If anybody has used, or is using cat litter as a substrate please share your experiences, good and bad. I would rather make the right choice now than live to regret it later, if ya know what I mean. 

Cheers all.


----------



## Alastair (22 Jul 2011)

Hi, 
I use tesco lightweight low dust cat litter in my 100 gallon and I'm really really pleased with it. I now a few people on here use it too. Has a lovely colour and isn't too light. It does has a perfumed smell so will need a good rinse. What I did was put a small layer of jbl aquabasis plus underneath which helps with plants roots but it's not really needed. Most just put a very small amount of osmocote under but it certainly doesnt turn to mush. It's very good at absorbing nutrients too. If I'd have gone down branded substrate route, it would have cost me a good few hundred pounds, I bought 5 bags which came to just short of 15 pound so well worth it. I'm looking at getting a much bigger tank and will again buy more of this

There's a thread here on it. viewtopic.php?f=17&t=8572


----------



## Quetzalcoatl (24 Jul 2011)

Hi there. Sorry for the late reply, been away for the weekend and aint been anywhere near a computer.  

Tesco`s lightweight was the one I was looking at using. Good to know you havn`t had any issues with it? Do you use a spraybar? Do you not have problems with the cat litter getting blown about the place?

Anyway, thanks for putting my mind at ease, and thanks for that link, it was exactly what I was looking for! 

Denton. Manchester! Does that mean you`re a "Citizen"?  

Cheers.


----------



## Alastair (24 Jul 2011)

Yeah I use spray bars, I run two fx5s on my big tank and it can move the cat litter slightly but only if there's nothing planted in the foreground. I have them turned up almost full and it's staying put. It's great stuff in my opinion. 

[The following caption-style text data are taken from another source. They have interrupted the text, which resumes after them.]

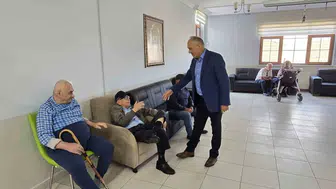 Bayburt'ta huzurevi sakinleriyle buluşarak ihtiyaçları dinlendi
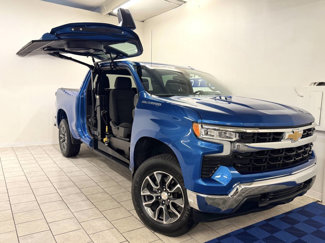 Used 2022 Chevrolet Silverado 1500 LT image 1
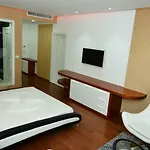 Rafaelo 5*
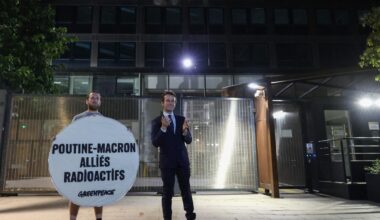 Greenpeace rend la statue de Macron, volée chez Grévin la veille, et la dépose devant le siège d’EDF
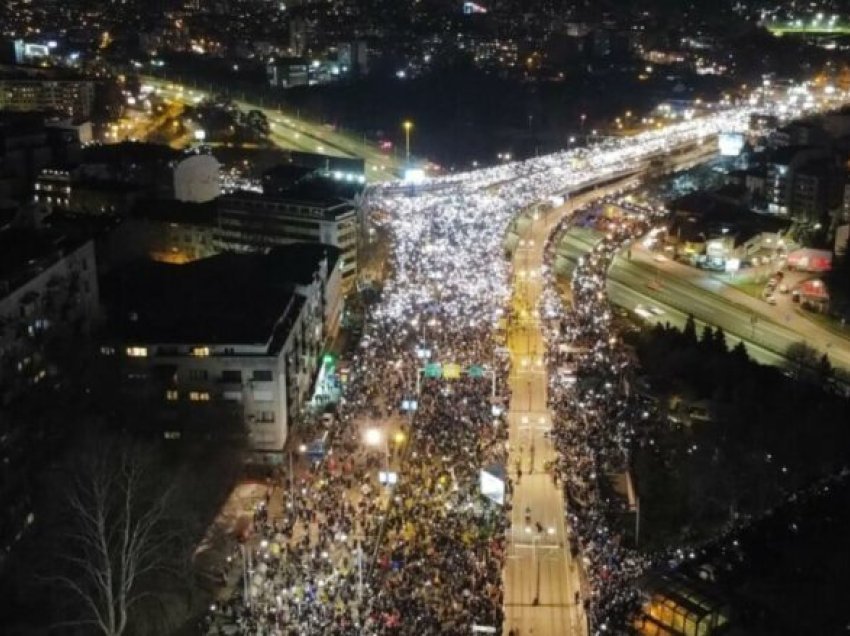 Studentët bllokojnë një nga nyjet më të mëdha të trafikut në Beograd – kjo do të zgjasë 24 orë - pamjet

A citizen ha ha what do you mean :0)


----------



## Quetzalcoatl (25 Jul 2011)

Sorry mate. Football related banter.   
Most people over that side of Manchester usually follow Man City. (Denton, Hyde, Hazel Grove) Man City fans are refered to as Citizens?
My other big passion besides plants is Manchester United. So you can understand my concern.


----------



## Alastair (25 Jul 2011)

Oh god your not a red....in that case cat litre is rubbish...don't bother ha ha ha


----------